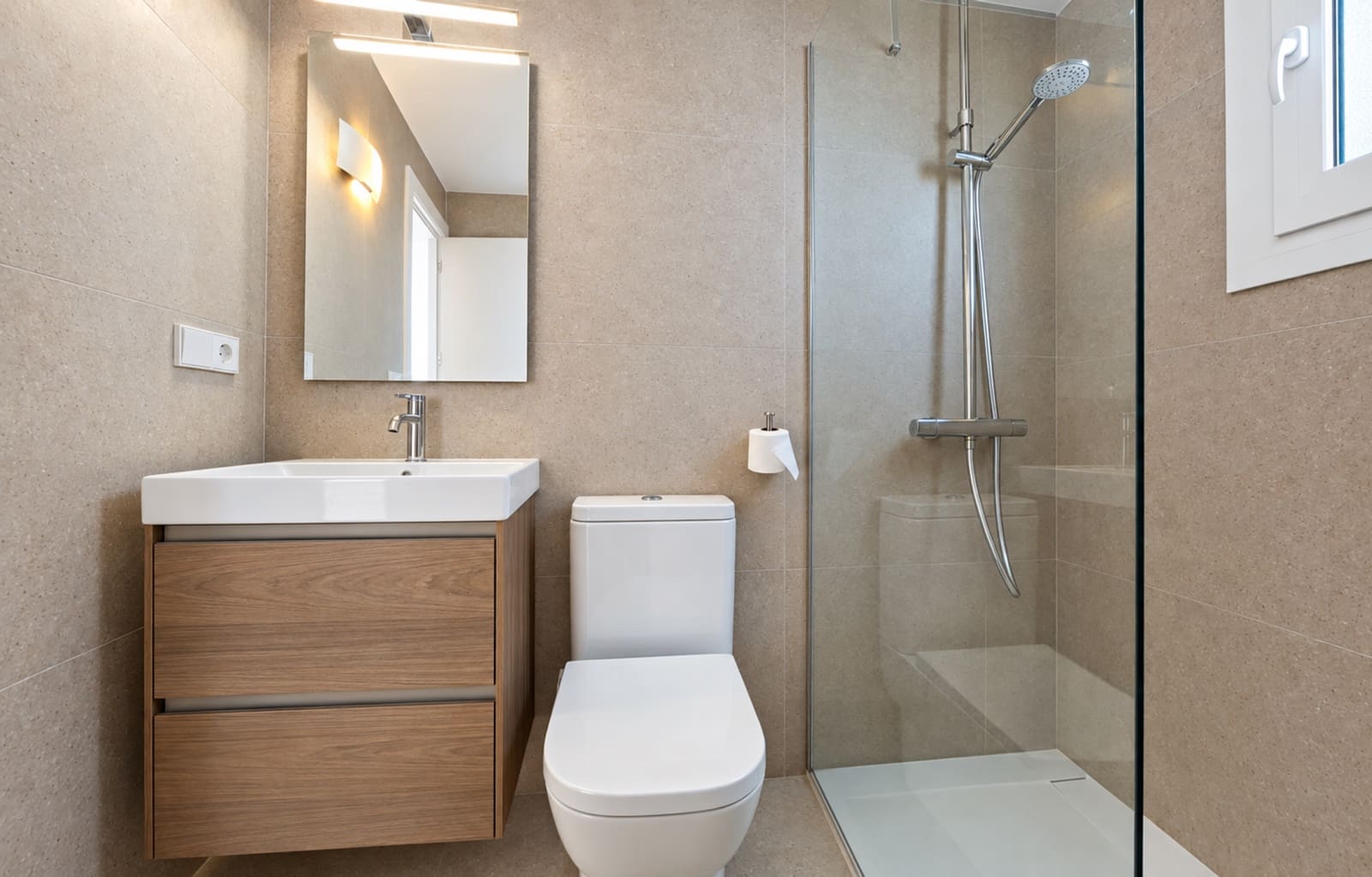 5 quarto Moradia para venda em Estepona com piscina garagem - 1 950 000 € (Ref: 10161210)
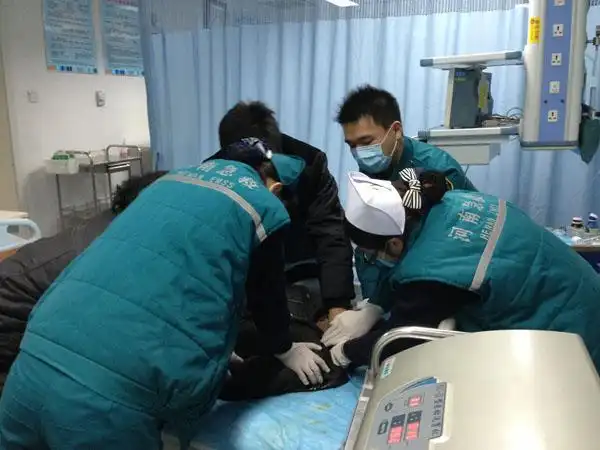 洗胃有风险君须惜生命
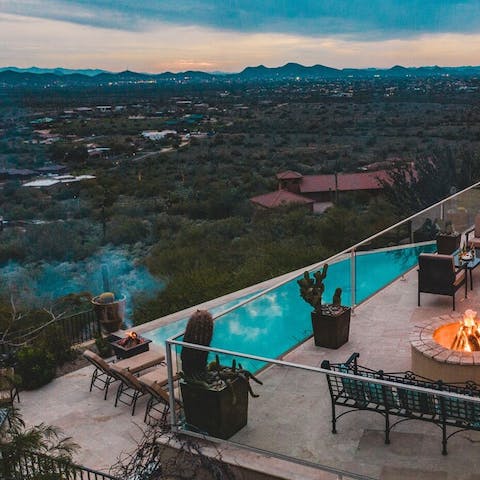 Take in exclusive views of the Arizona scenery, while lounging around the pool or having a meal alfresco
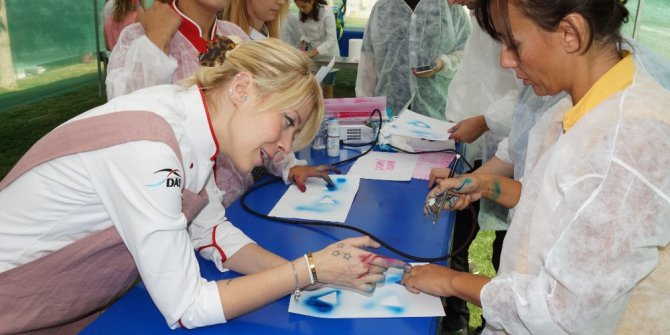 Pasta yapmayı öğrenmek için İncirliova’da kampa girdiler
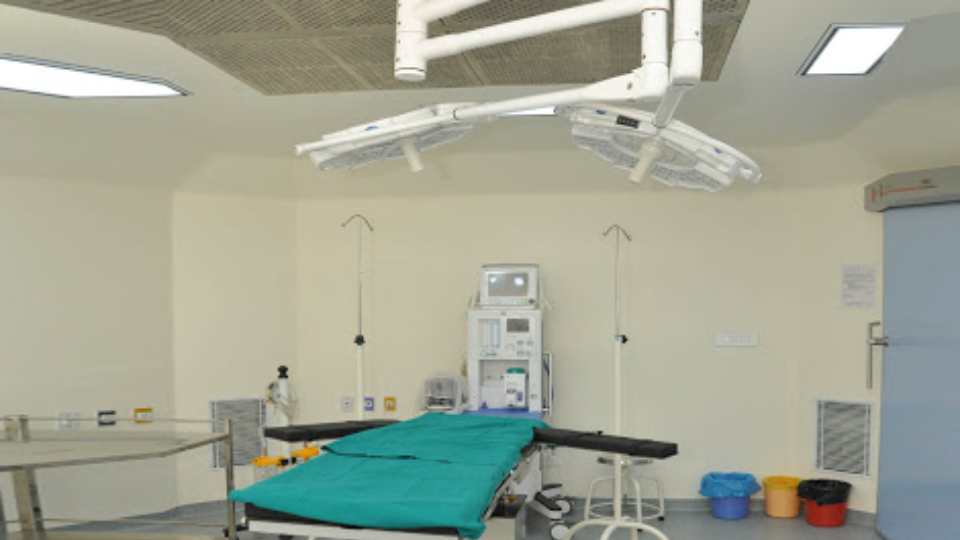 Dr. Atul Malhotra- ARV Health Care Center Sector-21 Chandigarh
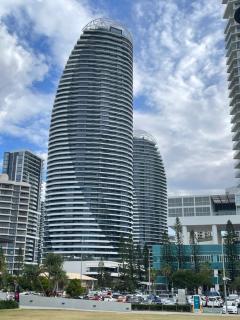 4 Bedroom Huge Sub Penthouse Oracle Level 31 Magnif VIEWS 260m2 Family Skyhome Sleeps 8 Adults and 2 Children, Sofa Bed Portacot, High Chair Central to Everything Resort Skyhome 5 STAR Luxury - 0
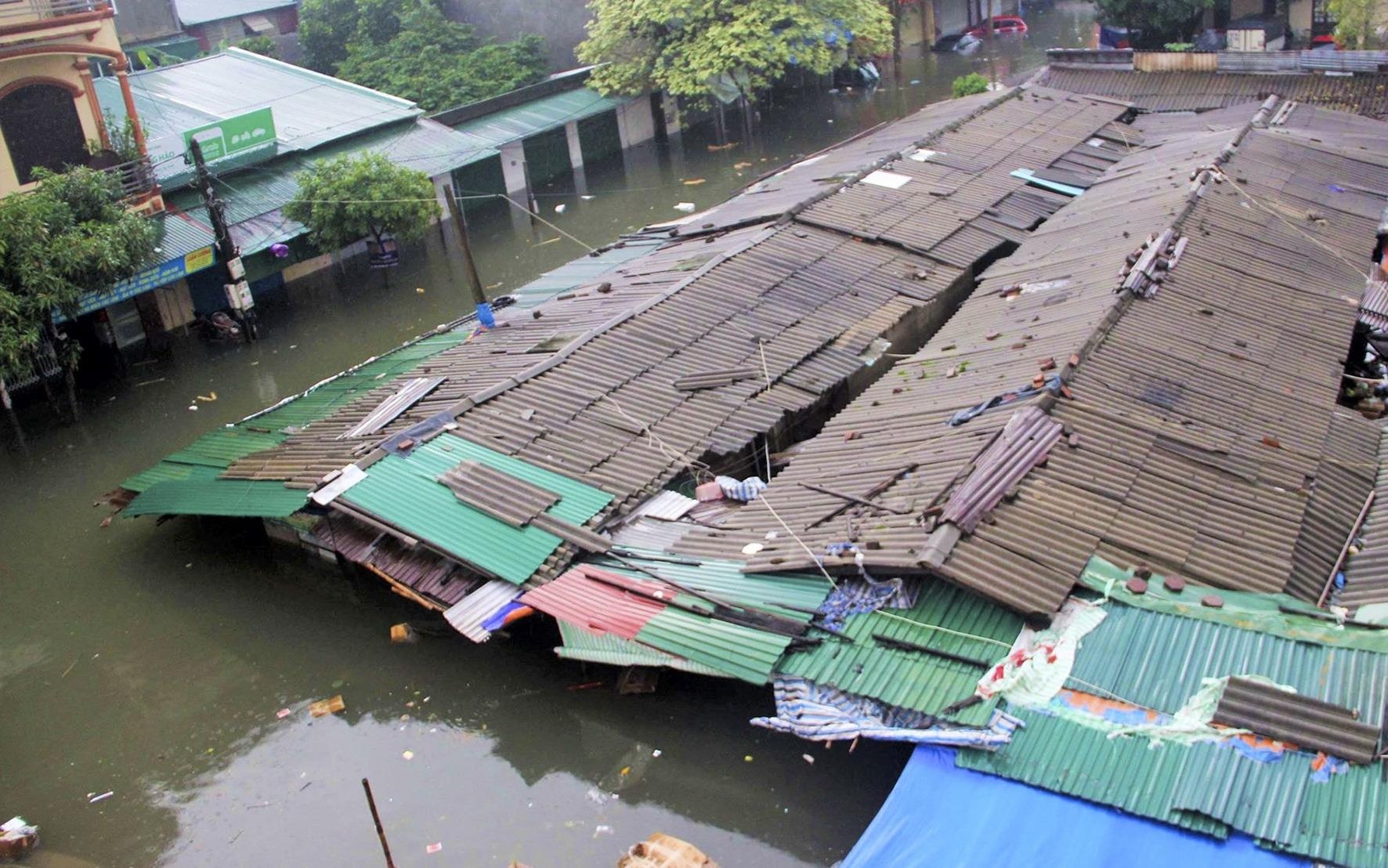 Tieu thuong meu mao vi hang hoa hu hong sau dot mua ngap toi noc hinh anh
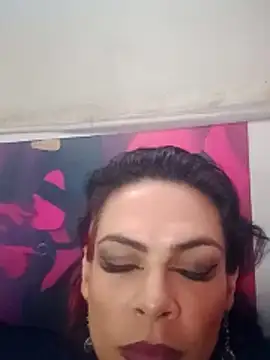 Snapshot of Veronnaink chatting on 10.28.25 Veronnaink online show from 10.28.25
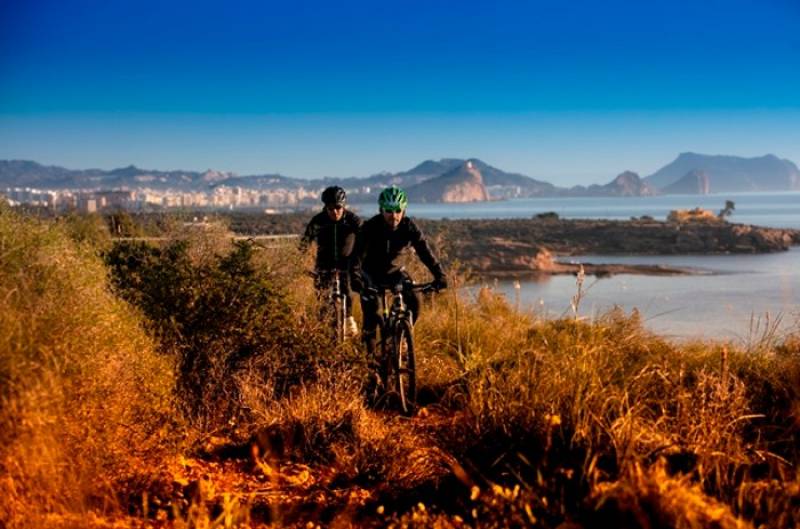 November 14 Free guided hike along the Cuatro Calas coastline in Aguilas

*TASK ITEM*. Take the records above from the line with "Tieu thuong meu" down to their last line and please copy those lines exactly, without the pictures.

*YOUR RESPONSE*.
 Tieu thuong meu mao vi hang hoa hu hong sau dot mua ngap toi noc hinh anh
 Snapshot of Veronnaink chatting on 10.28.25 Veronnaink online show from 10.28.25
 November 14 Free guided hike along the Cuatro Calas coastline in Aguilas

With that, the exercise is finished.